At the end of the day (Cai and family)
By the time Cai returned to Rachel’s room after running into Zoe, Rachel was asleep and Danny was watching over her, holding her hand. For a while, the boys spent some quiet time on their phone, reblogging things for each other or passing the small screens back and forth. Rachel slept a long time, and Zoe didn’t meet them like she said she might, and the evening grew later and later and eventually, Nonnie arrived, kissed both Danny and the dozy Rachel on the forehead, and took him home for dinner.
It was a tense dinner, and a vegetarian one. “I am not eating chicken!” Faye was yelling at Dom when Cai and Nonnie arrived home. “I am not eating chicken ever ever again!”
Roe was silent and sullen in a tall chair pulled up to the bench, slowly crushing garlic with the flat of a knife.
“I’m with Faye,” Cai said, slumping down on the other chair beside Roe. “At least for a while. Might be a red meat household for a while.”
“No!” Faye demanded. “I’m never eating an animal ever again! You saw their bodies, right?”
“Yeah I saw,” Cai said, flatly agreeing with her. Nonnie circled behind him and Roe and round the bench into the kitchen proper, to look through sauces and pastas with Dom. “Is Mrs Carabaldi alright?”
“Staying with her daughter for a couple of nights,” said Dom, pulling out a jar and showing it round the kitchen for approval.
“The police came,” Faye told Cai, climbing up to sit on the bench by the fruitbowl.
“Good,” Cai said firmly. “There’s a sociopath loose in the neighbourhood, they bloody well better have come.”
“Cai,” cautioned Nonnie, gently. “We don’t know what happened.”
“It’s pretty clear,” Cai snapped. “Someone is out there killing animals for fun. Someone like that deserves to be locked up. Someone like that doesn’t have a soul.”
“Caius,” Dom said, firmly, as firm as Cai was angry. “You are not helping.”
Roe’s hand shot out and she swept the chopping board, piles of crushed garlic and knife across the bench.

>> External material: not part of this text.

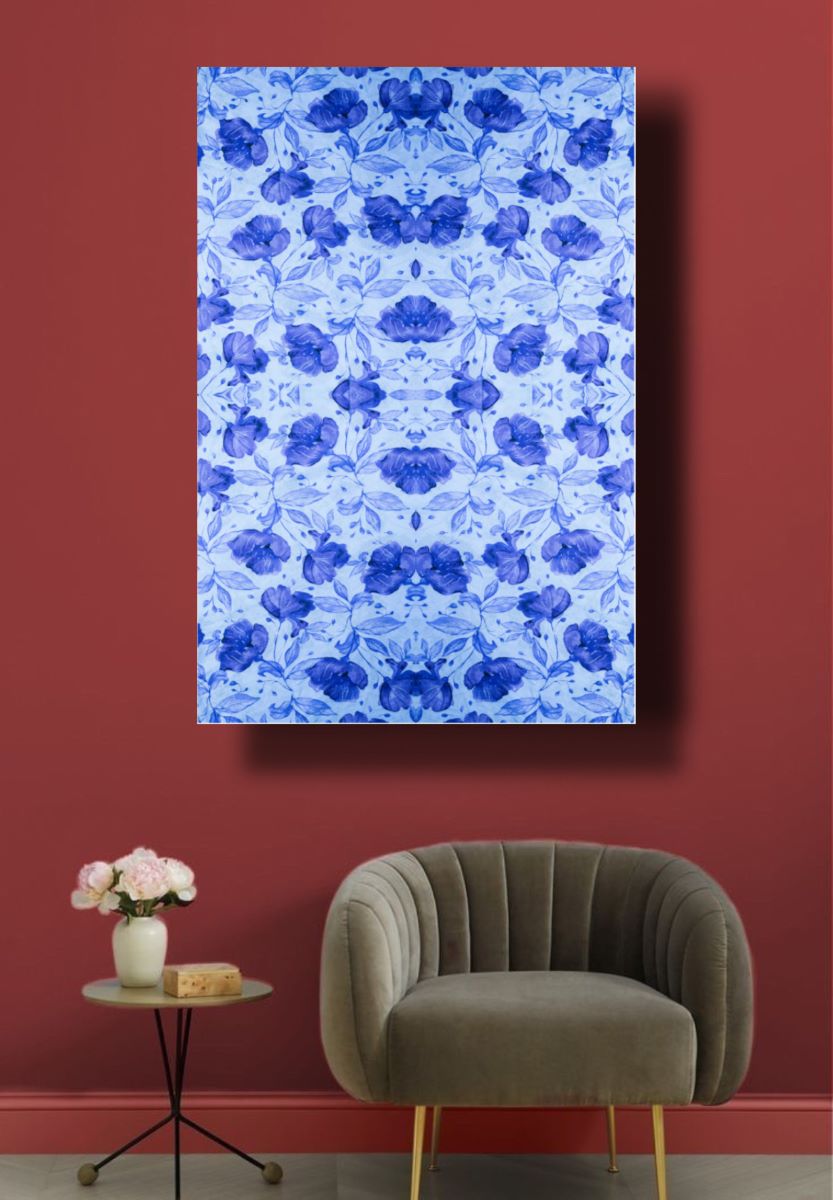 Contemporary Digital Wall Art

It slid and clattered to the floor near Dom’s feet, just as Roe flew backwards, jumping down from her seat and storming down the hall to her bedroom, slamming her door with a bang. “See?” Dom snapped, bending to pick up the knife and the board while Nonnie dampened a cloth to help sweep up the garlic. Faye sat very very still.
“The girls have had a very upsetting day,” Nonnie told Cai.
“So have I!”
“Yes,” agreed Nonnie.
“But you are eighteen,” Dom pointed out. “Perhaps old enough to guess that stories about a sociopath on the loose in the neighbourhood might be frightening.”

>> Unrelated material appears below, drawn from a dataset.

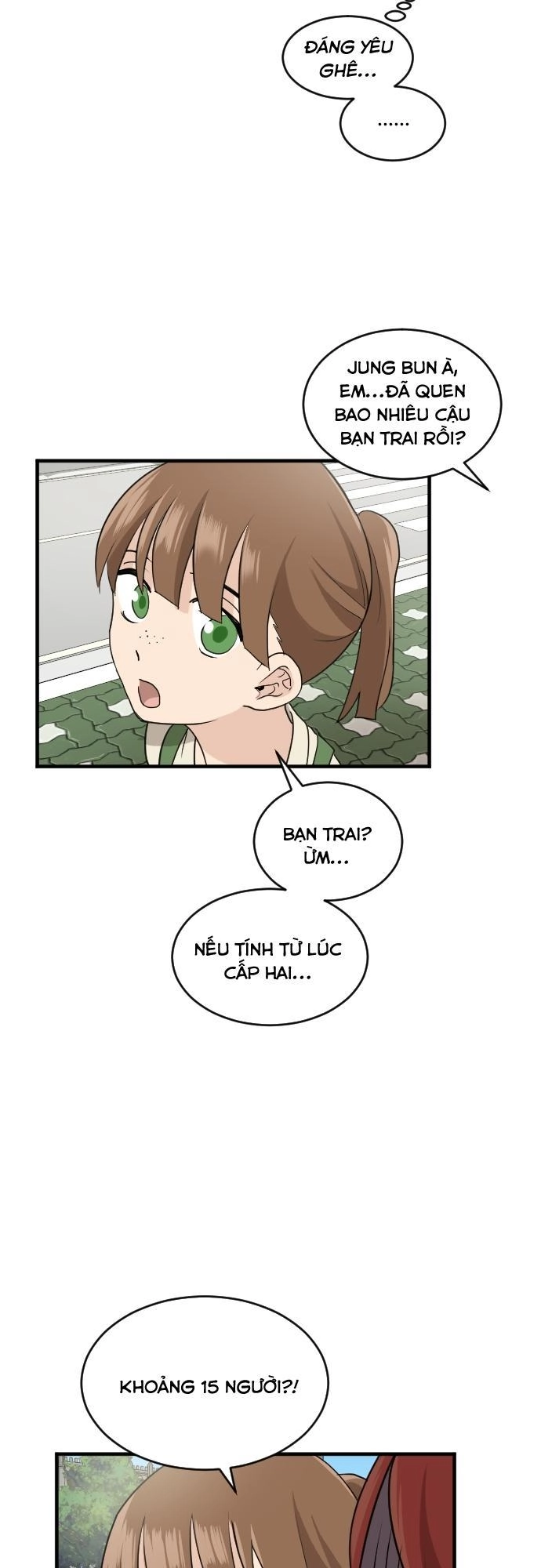 Người Đẹp Gangnam Chapter 24 - 23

“I’m not frightened,” Faye piped up.
“Oh,” said Cai. “Yeah okay.”
“I’m angry,” said Faye, quietly.
“Same,” Cai said, but a lot of the anger had left his voice. He smiled faintly at Faye. “I’m sorry you had a crappy day.”

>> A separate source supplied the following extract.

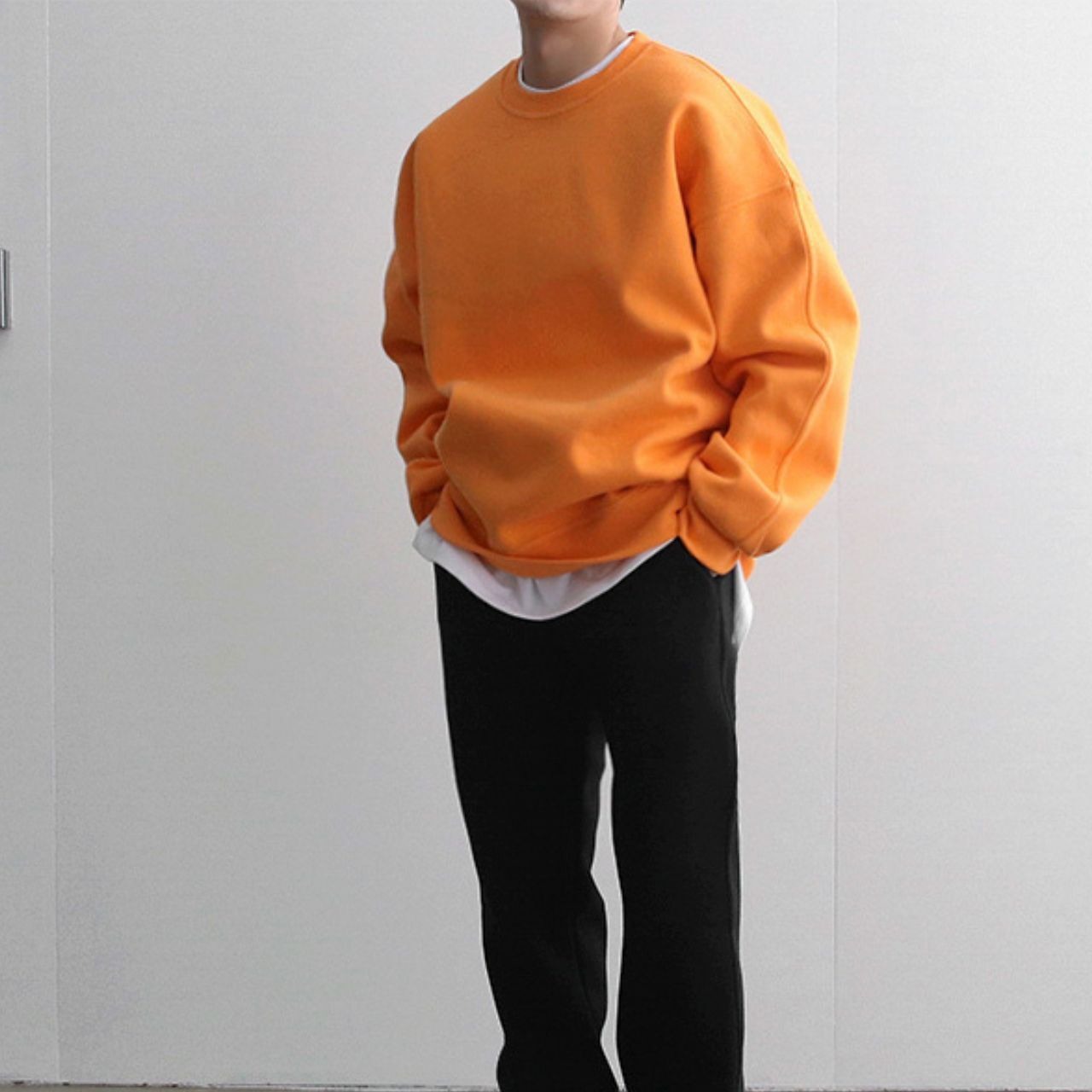 ドロップショルダースウェット　MT0080391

“Not as crappy as the chickens,” Faye muttered.
“I’ll go and speak to Roe,” said Nonnie, handing Cai a wet, garlicy cloth. “Help your grandfather with dinner.”
Cai slid off his seat to rinse the cloth, to start chopping some more garlic. “Sorry,” he said. “Bad day. Wasn’t thinking.”
“Understood,” said Dom. “How’s Rachel?”
“She spent most of the day sleeping,” Cai said. “I dunno. I hope she’ll be okay.”
“I’m sure she will,” Dom said. “She’s got good people on her side.”
Cai smiled gratefully as he topped and tailed the garlic. The kitchen was warm and smelled like heating oil and raw garlic and easy forgiveness. Dom gave him a pat on the back with one warm hand as he passed behind him, and Faye put the telly on, and soon things were sizzling in the pan and Cai felt a little less cut loose than he had all day. A little more like he was home. He took a deep breath in, let it loosen all of the built up tension and horror lodged inside him, and when he breathed it all out again he felt better.